В значительной мере определяя репертуарную линию МХАТ, Немирович-Данченко определял и идейно-творческое толкование выбранных им пьес. Он постоянно возражал против недооценки идеи и стиля автора и никогда не соглашался с подменой автора режиссерской диктатурой. Он стоял за их дружеский союз, так как с его точки зрения, все деятели театра совместными творческими усилиями должны раскрыть передовые идеи эпохи и правду жизни. В своей режиссерской работе он прежде всего увлекал коллектив театра умелым и глубоким идейно-психологическим толкованием драматургического произведения. Он восставал против примитивного и скучного прочтения пьесы, требуя от коллектива живого современного ощущения не только современных пьес, но и классики, — он требовал, чтобы классическая пьеса прочитывалась коллективом как бы заново. Борясь с актерскими штампами, мечтая о живом человеке на сцене, он не только открывал перед актерами и режиссерами двери в реальную действительность и в сложную, многогранную психологию образа, не только показывал яркие столкновения идей и чувств, но конкретно, образно, сценически зримо вскрывал идею пьесы, которая вела в конечном итоге к правдивому, свежему и точному решению. Так верно им воспринятая и глубоко раскрытая
Увидев в Станиславском гениального режиссера и родственного по своим устремлениям художника и всецело поверив в него Немирович-Данченко соединился с ним во имя общей борьбы за правду жизни на сцене. И правда жизни, покинувшая было подмостки театра, вновь расцвела на сцене МХТ, воплощенная в декорациях, не похожих на обычные театральные павильоны, в смелых и неожиданных мизансценах, в тоскливом звучании сверчка («Дядя Ваня»), в звуках виолончели и рояля («Иванов»), а главное — в жизненности и выразительности актерского исполнения.
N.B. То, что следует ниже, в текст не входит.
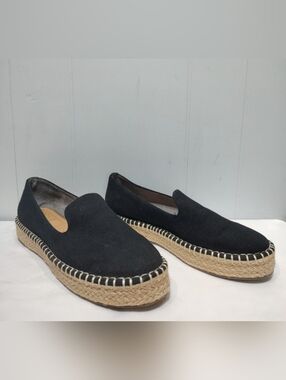 Joie Cara Slip-On Espadrilles Black Canvas Platform Espadrille Flats Women’s 8.5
Как художник, заинтересованный в наиболее полном осуществлении идеи создания нового театра, как организатор и официальный директор его, Немирович-Данченко заботился о каждом отдельном участке сложного театрального организма.
Строгий в вопросах репертуара, он был не менее строг в отношении всех компонентов спектакля. Столь частое в старом театре пренебрежение к внешней стороне постановки, недостойную неряшливость декораций, безразличие к освещению Немирович-Данченко изгонял из театра с негодованием и презрением. Уступки в этой области были, на его взгляд, не менее опасны для самых дорогих особенностей и свойств искусства МХТ, чем уступки в области репертуарно-общественной или художественно-актерской. И здесь Станиславский вновь и неизменно находил в Немировиче-Данченко поддержку своей постоянной требовательности.
Делом его чести было образцовое ведение постановочной части театра. Он много работал с техническими цехами, отлично знал законы света, антракта и перемен, ослабленного и повышенного внимания зрителя. Ни один из технических работников сцены не обманул бы его отговоркой о невыполнимости той или иной задачи. И когда постановочная часть в затруднении останавливалась перед решением декорации или света, Немирович-Данченко последовательно опровергал все сомнения и подсказывал нужное решение. Он точно учитывал законы сцены, не сдавался на уговоры и не уступал. Он сотни раз повторял найденное на одной репетиции, закрепляя достигнутое и требуя отделанности и четкости в каждом куске.